RECORDS PROVIDED Start Marker

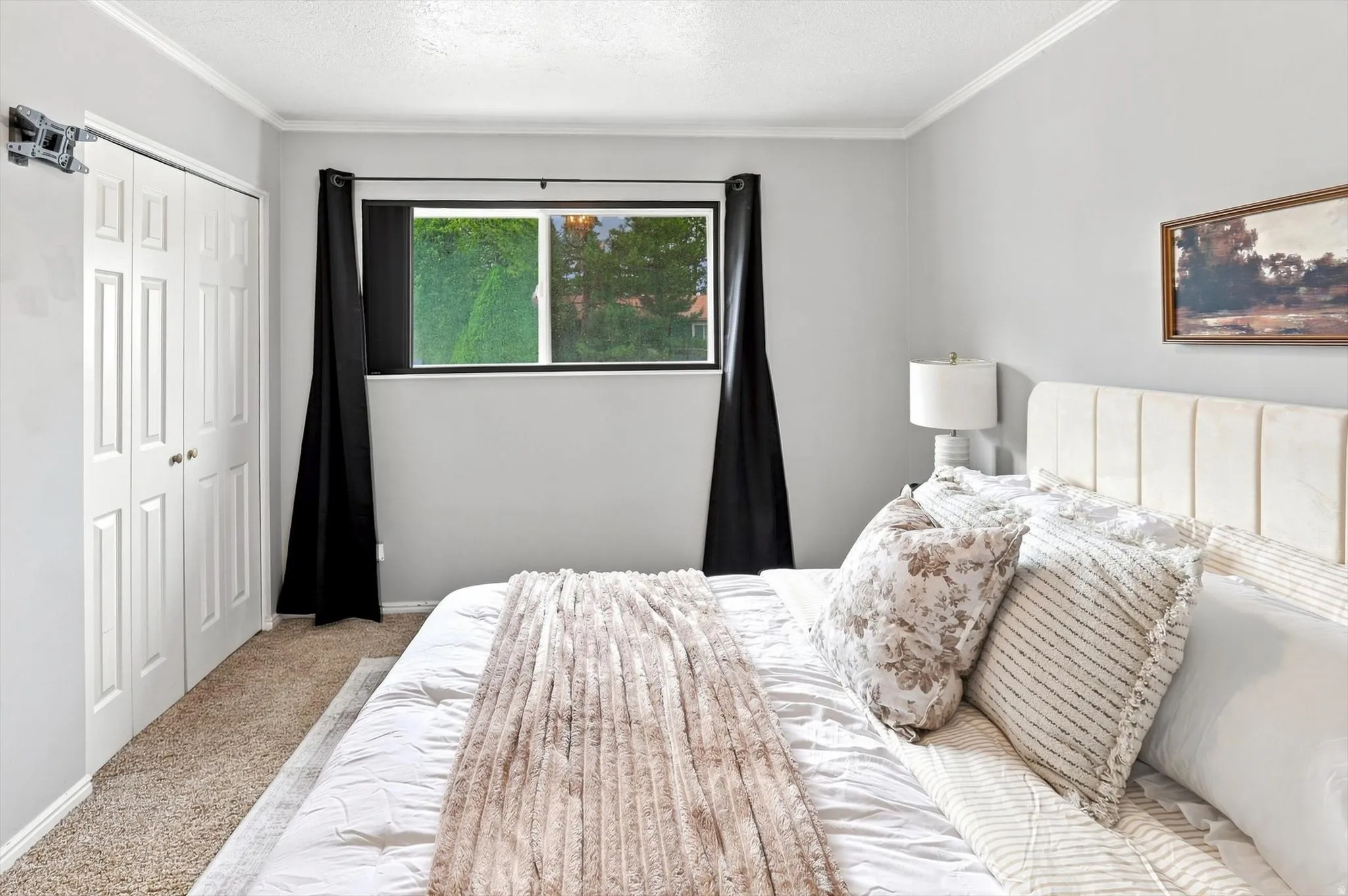 Neutral-toned room featuring a window with black privacy drapes, a multi-pane bi-fold closet, and crown molding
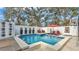 Pool featuring a swim-up bar, a tanning deck, and lush tropical landscaping at 511 Mcrorie St, Lakeland, FL 33803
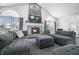 Cozy community room with plush sofas, fireplace, tv and large windows for ample natural light at 112 Bridgemor Ln, Mooresville, IN 46158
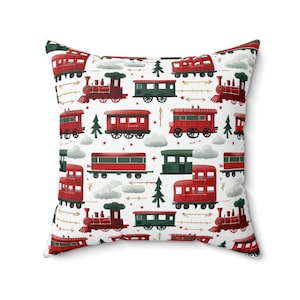 May include: Square throw pillow with a repeating pattern of red trains, green train cars, trees, clouds, and arrows on a white background. The pillow has a solid white back.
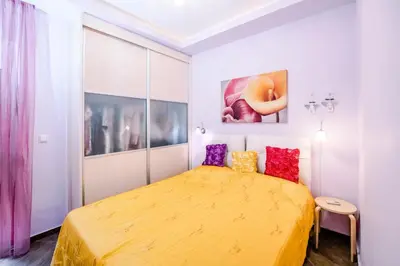a bedroom with a yellow bed with colorful pillows at Mary's modern apartment in Kissamos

RECORDS PROVIDED End Marker

--- WHAT YOU ARE ASKED TO DO ---
Since the pictures are not part of the copy, transcribe only the remaining material, exactly.

--- SOLUTION FOR THIS EXERCISE ---
 Neutral-toned room featuring a window with black privacy drapes, a multi-pane bi-fold closet, and crown molding
 Pool featuring a swim-up bar, a tanning deck, and lush tropical landscaping at 511 Mcrorie St, Lakeland, FL 33803
 Cozy community room with plush sofas, fireplace, tv and large windows for ample natural light at 112 Bridgemor Ln, Mooresville, IN 46158
 May include: Square throw pillow with a repeating pattern of red trains, green train cars, trees, clouds, and arrows on a white background. The pillow has a solid white back.
a bedroom with a yellow bed with colorful pillows at Mary's modern apartment in Kissamos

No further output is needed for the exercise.